In response to the increasing ambiguity over acceptable levels of manipulation in photojournalism contests, World Press Photo commissioned a report entitled “The Integrity of the Image: Current practices and accepted standards relating to the manipulation of still images in photojournalism and documentary photography.” It’s 20 pages long, so here’s the tl;dr:
- Using the darkroom as an analogy and starting point for the discussion of digital manipulation is outmoded
- There are no concrete, widely accepted guidelines. Interviewees assess images on a case-by-case basis.
- The industry should try to develop a verifiable “digital audit trail.”
Darkrooms as an analogy
This is perhaps the most instructive statement. Even though digital capture is necessarily computational in nature, we still use darkroom analogs in explaining manipulation. Photoshop icons are even skeumorphic in that regards (e.g. dodge and burn). We now do things in Photoshop that are much faster than their darkroom processes (e.g. masking), but we also do things that were impossible (e.g. lens correction, channel mixing, magic wand selection). When photographers and organizations describe acceptable manipulation as “the stuff we did in the darkroom,” they are not accurately accounting for the state of digital photography.

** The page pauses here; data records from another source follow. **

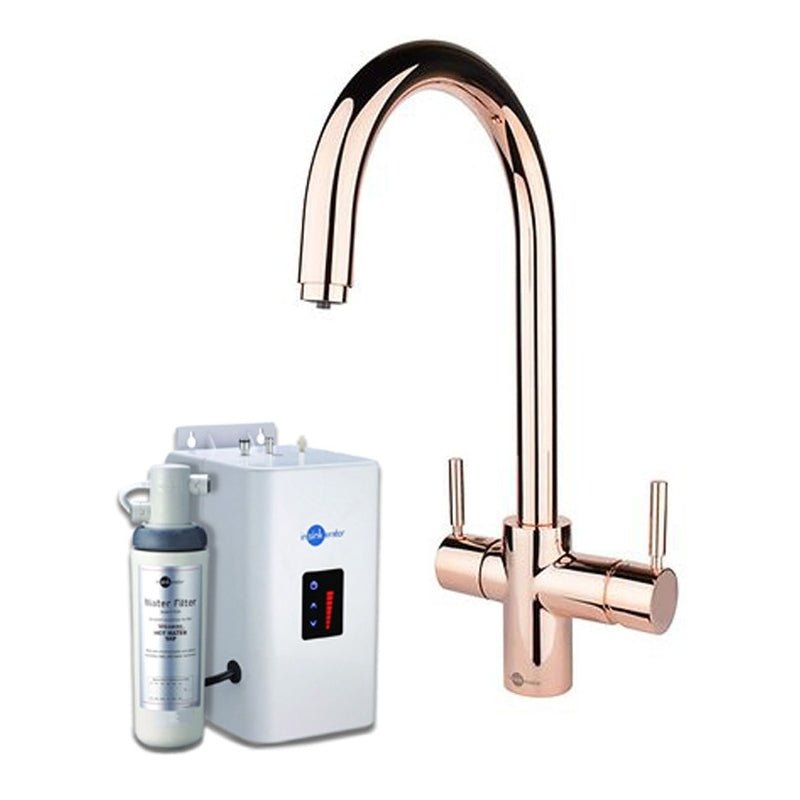 InSinkErator 3N1 J Shape Kitchen Sink Mixer Tap with Neo Tank and Filter - Rose Gold - AIS313 - TAP 'N' SHOWER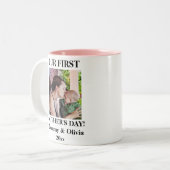 Onze eerste Moederdag, persoonlijke foto en naam Tweekleurige Koffiemok (Voorkant links)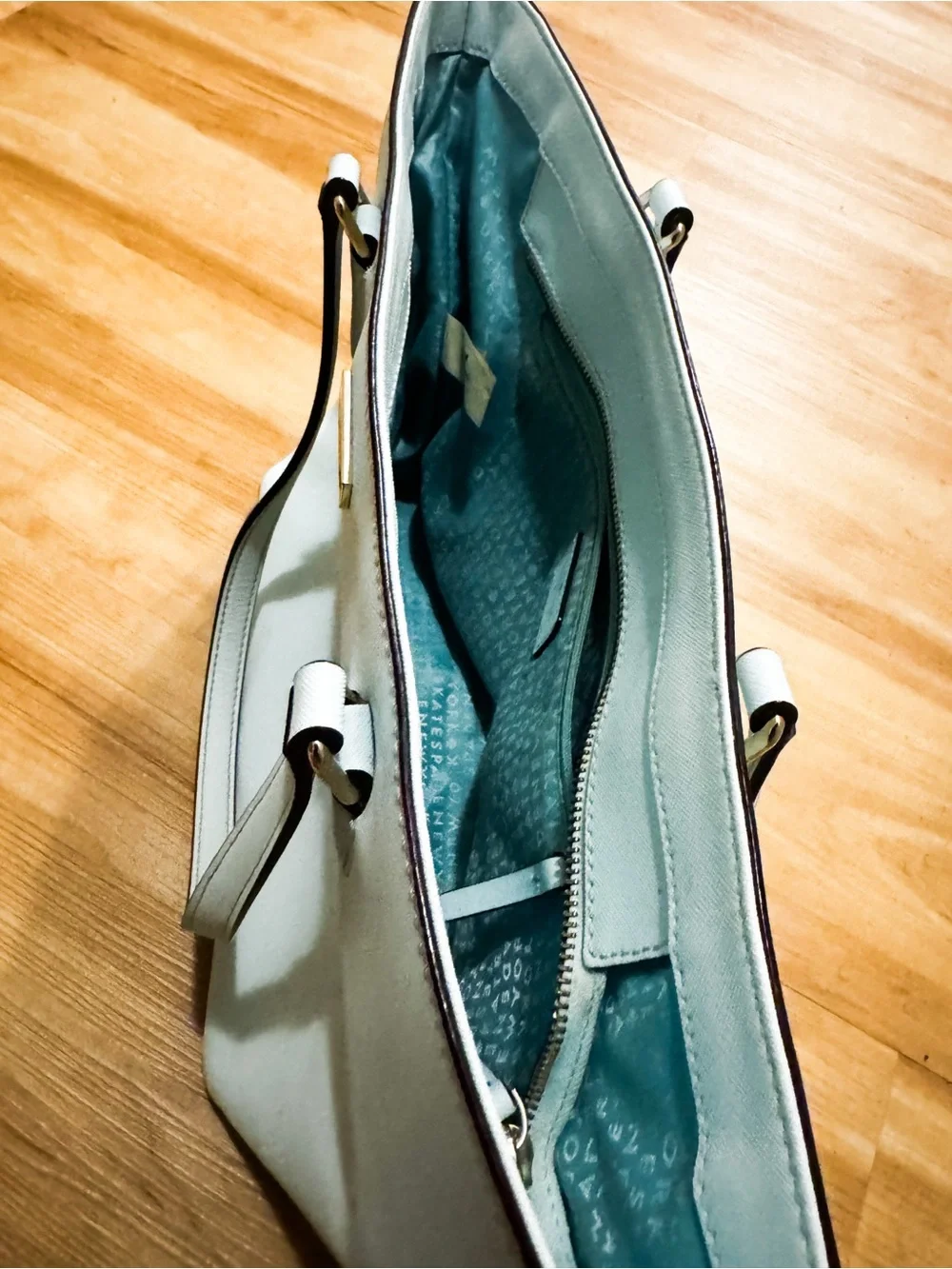Kate Spade New York Light Blue Saffiano Leather Tote Bag
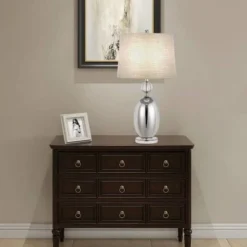 30.25" Perth Glass Table Lamp Gray - Cal Lighting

There are no concrete guidelines
The report notes that a number of organizations in the US have published guidelines or code of ethics, but this type of statement rarely exists in the rest of the world. Combined with a generally more liberal attitude towards manipulation in Europe, it’s easy to see how a contest like World Press Photo would have such variance in understanding and acceptability of manipulation.
The industry should develop a digital audit trail
Revision control and centralized repositories are a cornerstone of open-source software, and even consumer cloud software (e.g. Google Docs) provides a history of changes. The process and mechanisms for creating an audit trail are easily understood, but very data intensive insofar as an image history is concerned. Instead, contests should simply rely upon the “original” image and compare it to the final submission. If we agree that there will be no consensus on exact guidelines, then the only way to gauge whether something is within bounds is to use before/after comparisons.

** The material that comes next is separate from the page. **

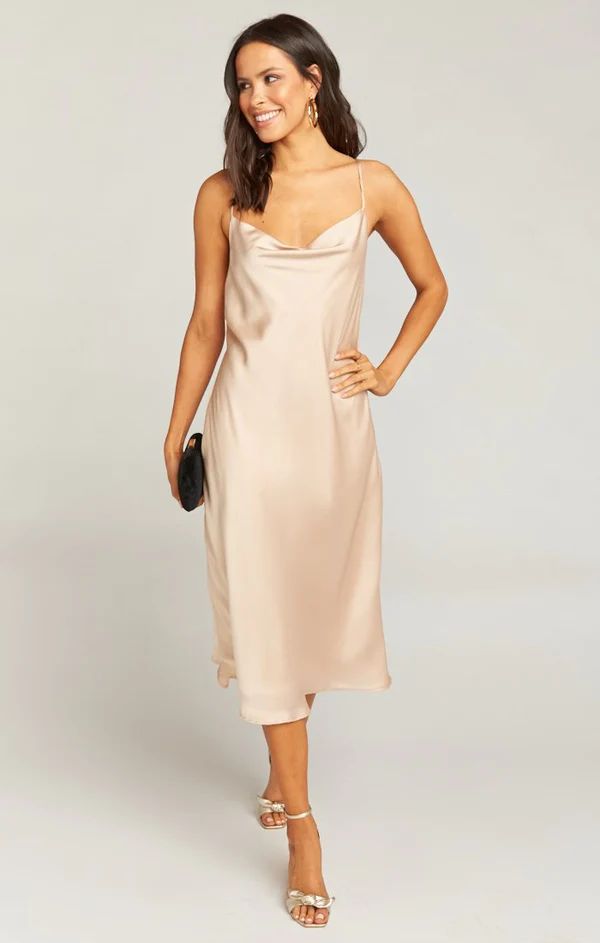 Verona Cowl Dress ~ Rose Gold Luxe Satin | Show Me Your Mumu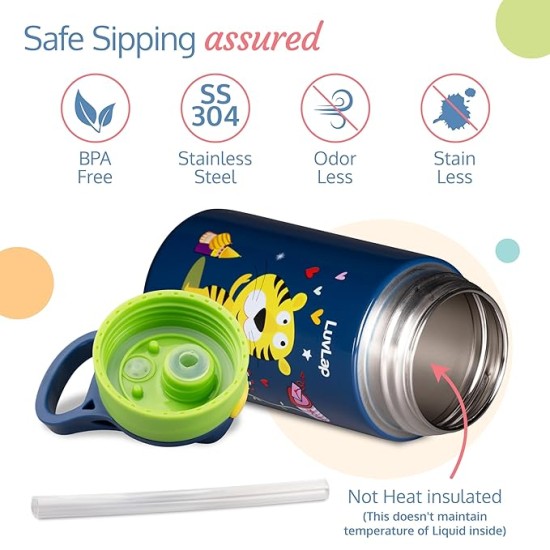 LuvLap Premium Stainless Steel Straw Sipper Made of SS304 Steel, 280ml, Blue, with One-Touch Spout Opening, BPA-Free, Rust-Free, Odour-Free Durable Design, with Easy Portable Handle, LuvLap Premium Stainless Steel Straw Sipper Made of SS304 Steel, 280ml, Blue, with One-Touch Spout Opening, BPA-Free, Rust-Free, Odour-Free Durable Design, with Easy Portable Handle,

All of this aside, I still refer back to my piece entitled “Why Do Photo Contest Winners Look Like Movie Posters?” and show you the World Press Photo winners in 2003 and 2012.

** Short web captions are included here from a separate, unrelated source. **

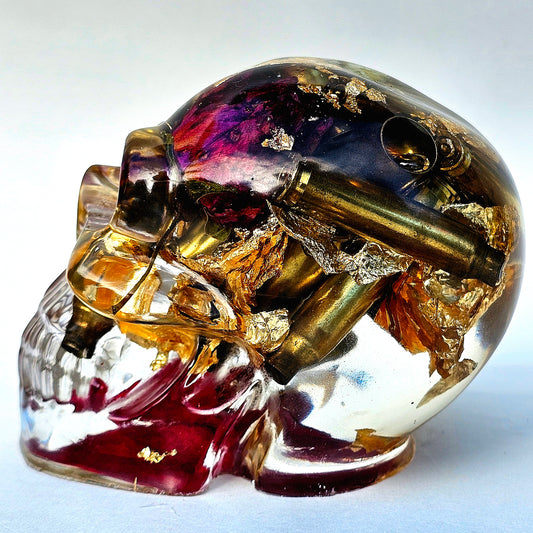 SOLD #0067 Handmade Resin Skull - Wild roses with brass shells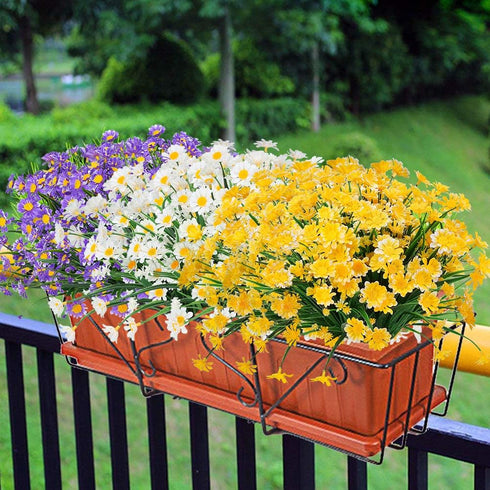 Artificial Daisies Flowers Outdoor UV Resistant 4 Bundles Fake Foliage Greenery Faux Plants Shrubs Plastic Bushes for Window Box Hanging Planter F...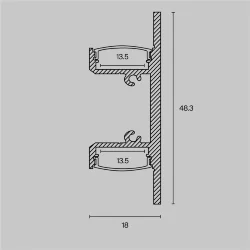 Алюминиевый профиль накладной 18×48 (Черный, 2 м), ALM-1848-B-2M (Черный)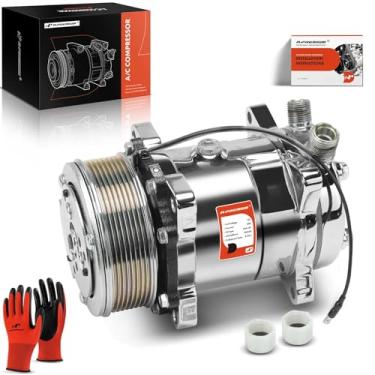 Imagem de A-Premium Adequado para Sanden 508 8PK Style, Compressor A/C universal com embreagem, correia serpentina de 8 sulcos, carcaça de alumínio cromado, substitui HC5004C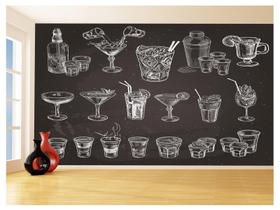 Papel De Parede Estilo Lousa Bebdias Bar Drink 3,5M Lcb22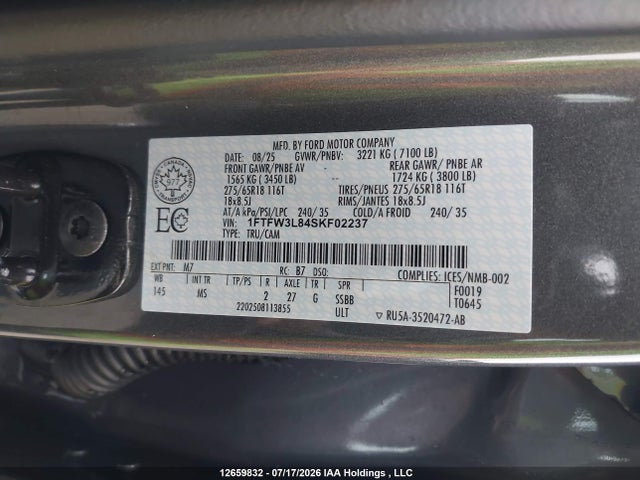 Ford F150 Xlt 2025 1FTFW3L84SKF02237 Image 9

What have we really gained by the overcooking of the more recent image? Is it more accurate? More truthful? The Bouju image is as powerful as the Hansen image, and it doesn’t rely on heavy toning. Both images have incredible composition, overall scene exposure, and capture a peak moment. But with the Hansen image, I feel like I have been visually clickbaited.
Visual tastes may change, but the way the real world looks doesn’t. That to me is the biggest takeaway in the manipulation fracas.